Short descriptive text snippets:
§

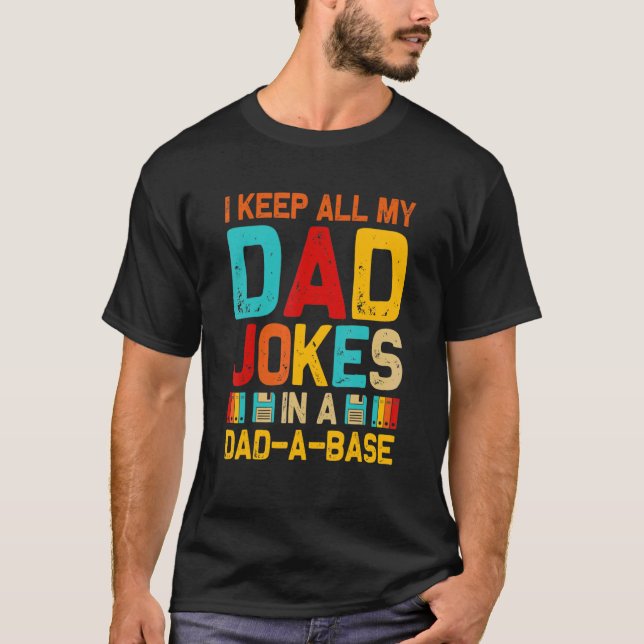 Camiseta Día del Padre de los hombres guardo todos los Chis (Anverso)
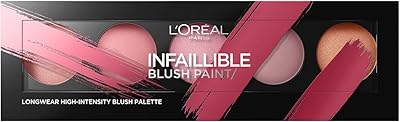 Blush collection Infallible L'Oréal Paris, 10 g, amber 2.. Affordable shopping made easy on DIAYTAR Nigeria, with fast delivery from 5 to 8 days.
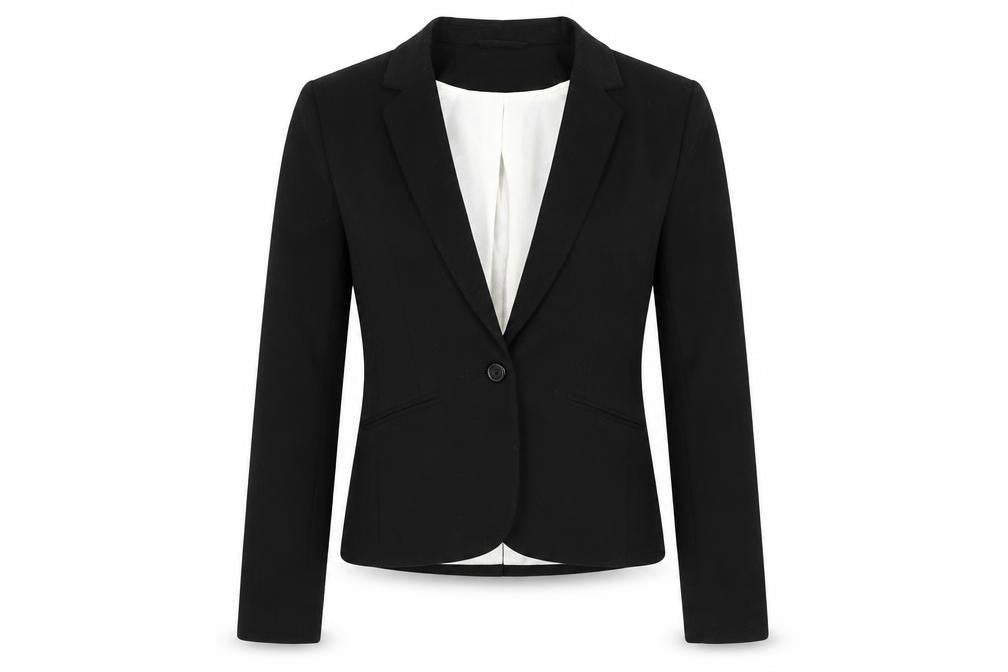 Womens UK Size 6 H&M Regular Black Blazer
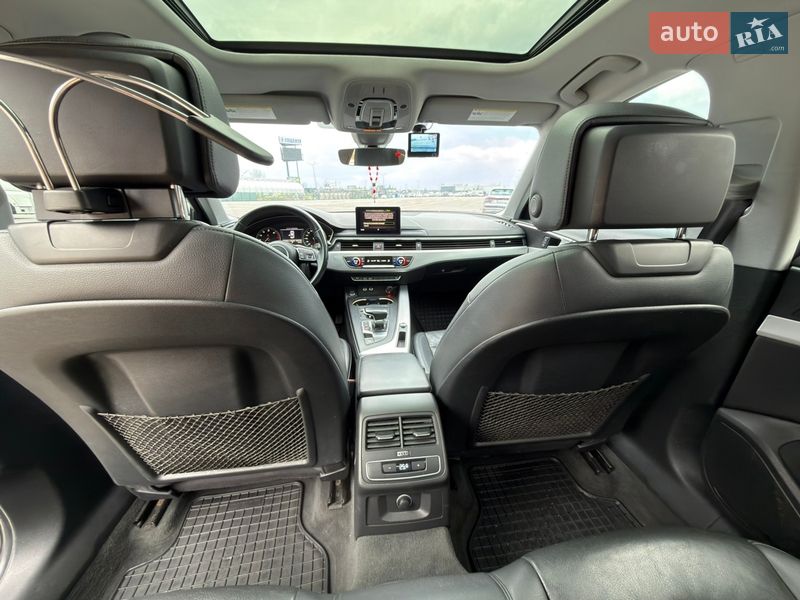 Седан Audi A4 2017 в Львове фото 10 Седан Audi A4 2017 в Львове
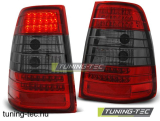 MERCEDES W124 E-KLASA KOMBI 09.85-95 RED SMOKE LED  Tuning-Tec Hátsó Lámpa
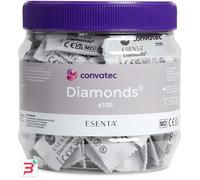 BUSTINE GELIFICANTI ANTIODORE PER STOMIA ESENTA DIAMONDS 100 PEZZI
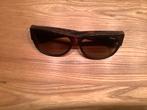 Polaroid Overzet Zonnebril - Perfecte Staat!, Overige merken, Zonnebril, Bruin, Ophalen of Verzenden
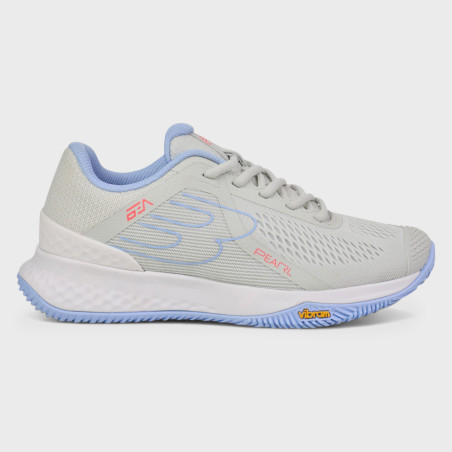 SCARPE BULLPADEL PEARL VIBRAM 25I GRIGIO CHIARO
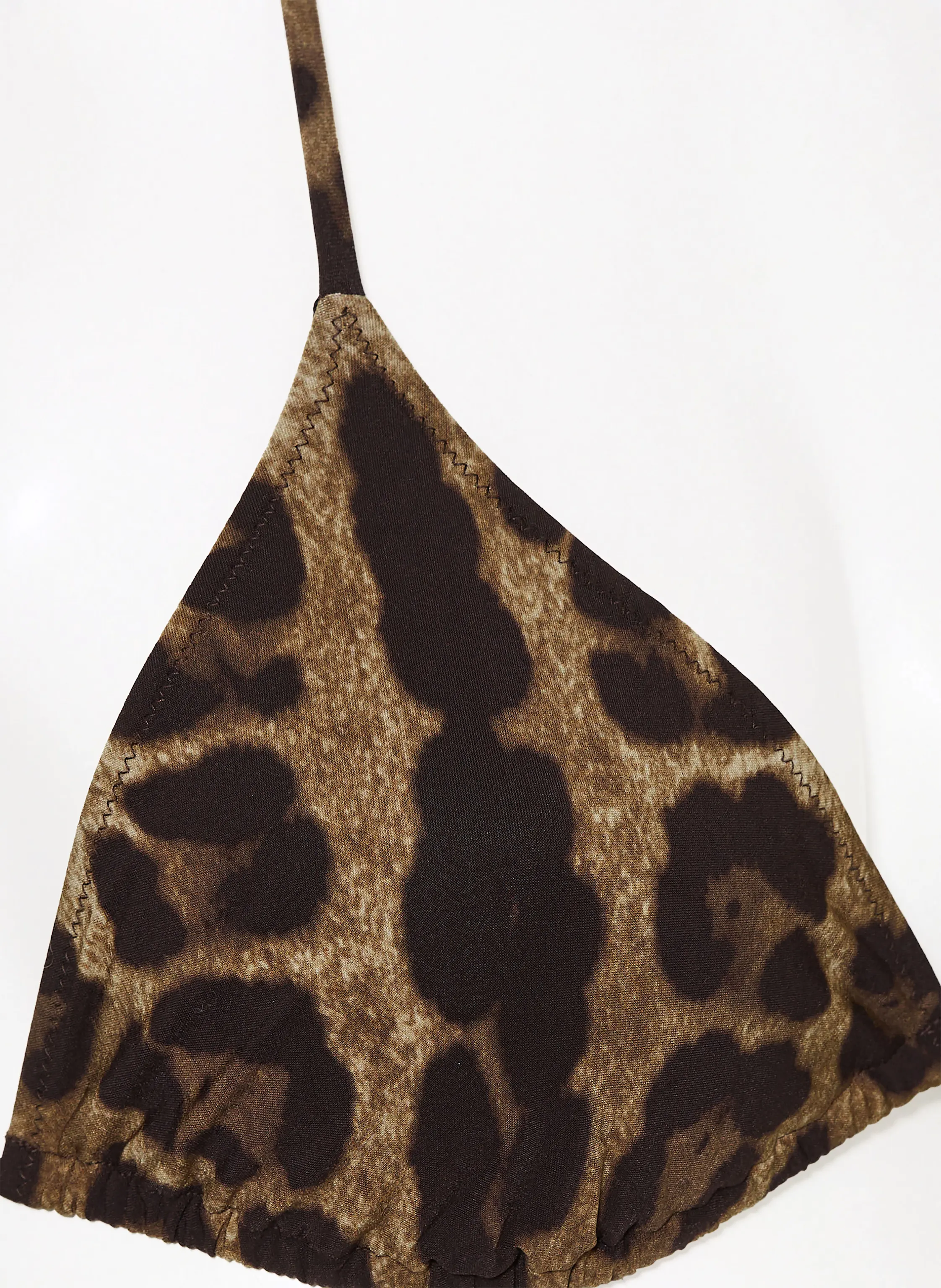 DOLCE & GABBANA Triangel-Bikini-Top LEO NEW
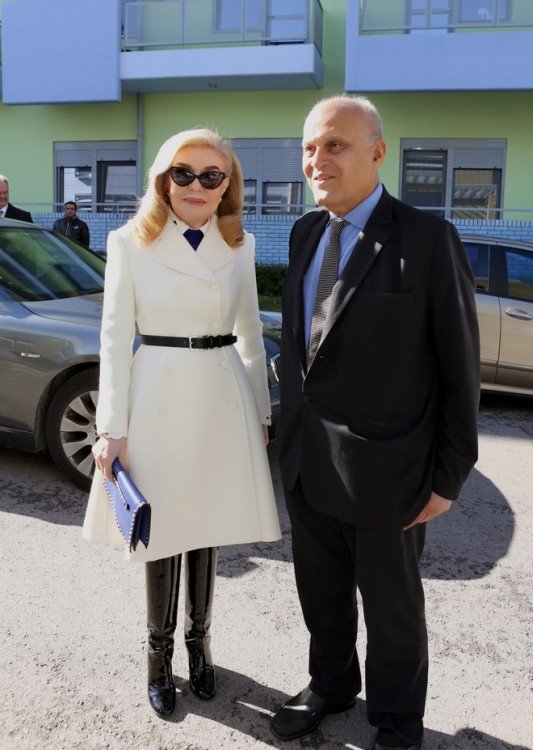 Η Μαριάννα Βαρδινογιάννη και ο Μαγκντί Γιακούμπ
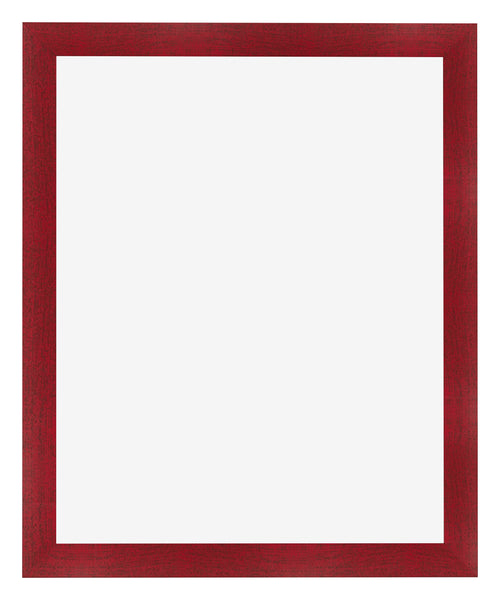Fotokader 40x55cm Wijnrood Geveegd MDF Pisa Voorzijde | Yourdecoration.be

§

Assignment: Please print every record exactly as written, without the pictures.

Answer to the problem:
 Camiseta Día del Padre de los hombres guardo todos los Chis (Anverso)
 Blush collection Infallible L'Oréal Paris, 10 g, amber 2.. Affordable shopping made easy on DIAYTAR Nigeria, with fast delivery from 5 to 8 days.
 Womens UK Size 6 H&M Regular Black Blazer
 Седан Audi A4 2017 в Львове фото 10 Седан Audi A4 2017 в Львове
 MERCEDES W124 E-KLASA KOMBI 09.85-95 RED SMOKE LED  Tuning-Tec Hátsó Lámpa
 BUSTINE GELIFICANTI ANTIODORE PER STOMIA ESENTA DIAMONDS 100 PEZZI
 Polaroid Overzet Zonnebril - Perfecte Staat!, Overige merken, Zonnebril, Bruin, Ophalen of Verzenden
 SCARPE BULLPADEL PEARL VIBRAM 25I GRIGIO CHIARO
 DOLCE & GABBANA Triangel-Bikini-Top LEO NEW
 Η Μαριάννα Βαρδινογιάννη και ο Μαγκντί Γιακούμπ
Fotokader 40x55cm Wijnrood Geveegd MDF Pisa Voorzijde | Yourdecoration.be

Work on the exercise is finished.